I would prefer we use at least a minor portion of that effort arresting arsonists and burying them under the jail. As it stands, the effect is "rioters who are pro-dem causes get to have authorities look the other way, right wingers get the Eye of Sauron for 4 years straight", with the added bonus of lefties bringing J6 up every time they want to say their enemies are worse than them, and the dem friendly media reported on every single arrest and trial for a J6er, keeping it in the mind of the public.
Again, I don't care about the J6ers, they are morons let them hang. But selective punishment on this scale, and where what I think is the far worse crime gets the pass while the lesser gets the book thrown at them, is worse. If you guys wanted me to care about J6 so much you had a whole summer to exact some kind of punishment on rioters, you didn't, and now here we are.

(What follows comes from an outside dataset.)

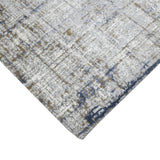 2' x 3' Gray and Gold Abstract Power Loom Area Rug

But is it? The idea that the 2020 riot crimes were under-prosecuted is an article of faith on the right, but I haven't seen any real evidence that this is the case. The Major Cities Chiefs Association compiled a comprehensive report about the law enforcement response to civil unrest in 68 major cities between May 25 and July 31, 2020. During that time period, they recorded 2,385 looting incidents, 624 arsons, 97 burned police cars, and 2,037 police officers injured. They also recorded 2,735 felony arrests. The report isn't detailed enough to break down the number of individual felonies reported, but the 5,143 incidents named above is as good a guide as any (it goes without saying that looting incidents could have had more than one perpetrator, but this is balanced by the fact that the same people may have been involved in multiple incidents, and that some of the police injuries weren't due to assault by protestors). With that caveat, we get a rough estimate of a 53% clearance rate for riot-related felonies.

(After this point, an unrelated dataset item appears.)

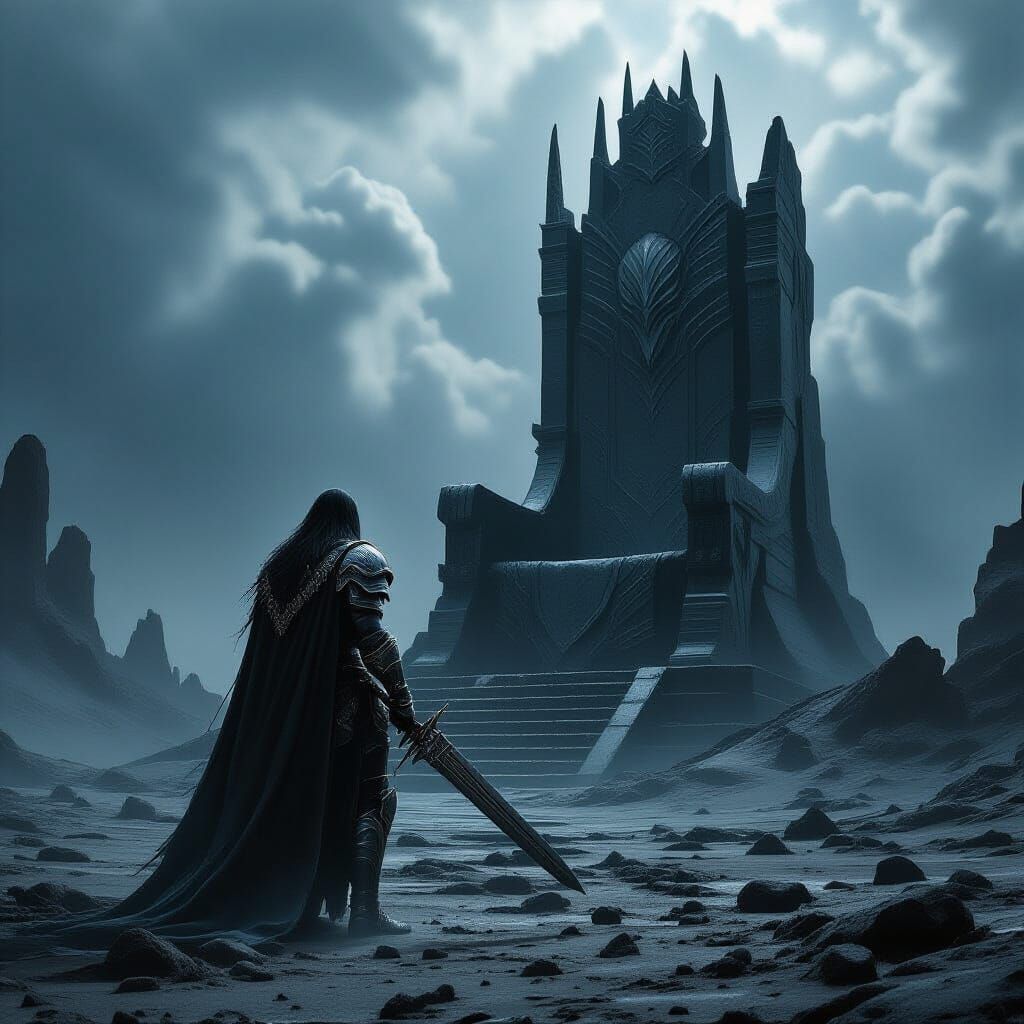 Obsidian Warrior in Wasteland, Hyperrealistic Art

To put that in the proper context, nationwide in 2019 arson had a clearance rate of 23.9%, and burglary had a clearance rate of 14.1%. Even if my estimate is inflated, and I admit that it probably is, it's still a long ways away from suggesting that these crimes were significantly under-investigated; if that were the case, I would expect the totals to be substantially lower than the averages. Again, I admit that this data isn't ideal but... do you have any other data? With how much this has been repeated I'd expect something, at some point, coming out to back this up, but there's nothing. No studies, no disgruntled chiefs of police saying they were hamstrung by liberal prosecutors, no pardons from governors, nothing. On the other hand, it doesn't take long to find contemporaneous quotes from mayors affirming the right to peaceful protest while reminding people that lawbreakers will be prosecuted, or imposing curfews that they didn't have to impose, or bulletins from local police asking for the public's help in identifying rioters.

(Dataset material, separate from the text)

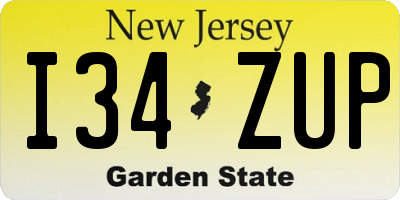 NJ license plate I34ZUP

The source of this myth seems to come from media reports showing that 90% of the protestors were arrested had the charges dismissed. But this is accepted as a blanket fact without any context: These dismissals weren't for felonies or serious misdemeanors, but for summary offenses like disorderly conduct, loitering, and failure to disperse. The arrests themselves weren't made in response to any investigation, but as crowd-control techniques for when they felt things were getting a bit too rowdy. But crimes have elements that prosecutors must meet, and when police aren't making arrests with an eye towards prosecution, their cases aren't prosecutable. If you haven't personally witnessed a protest like this, the process generally goes as follows: The police declare a gathering illegal. A dispersal order is given. Whoever doesn't disperse is arrested by officers on the scene and loaded into paddy wagons. The officers who made the arrest stay behind, and the arrestees are booked by yet another officer. They're charged and released.
If you want to actually prosecute a case like this, you run into problems at the preliminary hearing. There's no police report. You can't produce the arresting officer as a witness; hell, you probably can't even identify the arresting officer for a given defendant. People arrested in different locations might be comingled at the precinct, so you can't even say where the guy was arrested. And even if by some grace of God you do have this, while the case gets easier, it doesn't get easier by much. First you have to establish that the protest was illegal, which may be the case if a road is being blocked, but is a tough row to hoe if it was a permitted protest that the police got uneasy about and hadn't yet seen any violence. Then you have to prove that a dispersal order was given in a manner such that the individual defendant would have heard it, which is tougher than it seems in a loud area with people moving around. But the real problem comes when you have to show that the defendant was given a reasonable opportunity to leave. The typical tactic used to facilitate mass arrests was to form police cordons around the perimeter to prevent the crowd from fanning out, then closing in to make arrests. A lawful protestor is thus presented with the dilemma of being told to disperse by police while simultaneously being prevented from leaving the area. And that's if you're lucky enough to have a real crime to charge. Most of these arrests were for charges like disorderly conduct and loitering whose elements are vague and are dependent on detailed police testimony showing that the defendant actually met some reasonable definition of disorderly and wasn't just arrested because the cop didn't like him.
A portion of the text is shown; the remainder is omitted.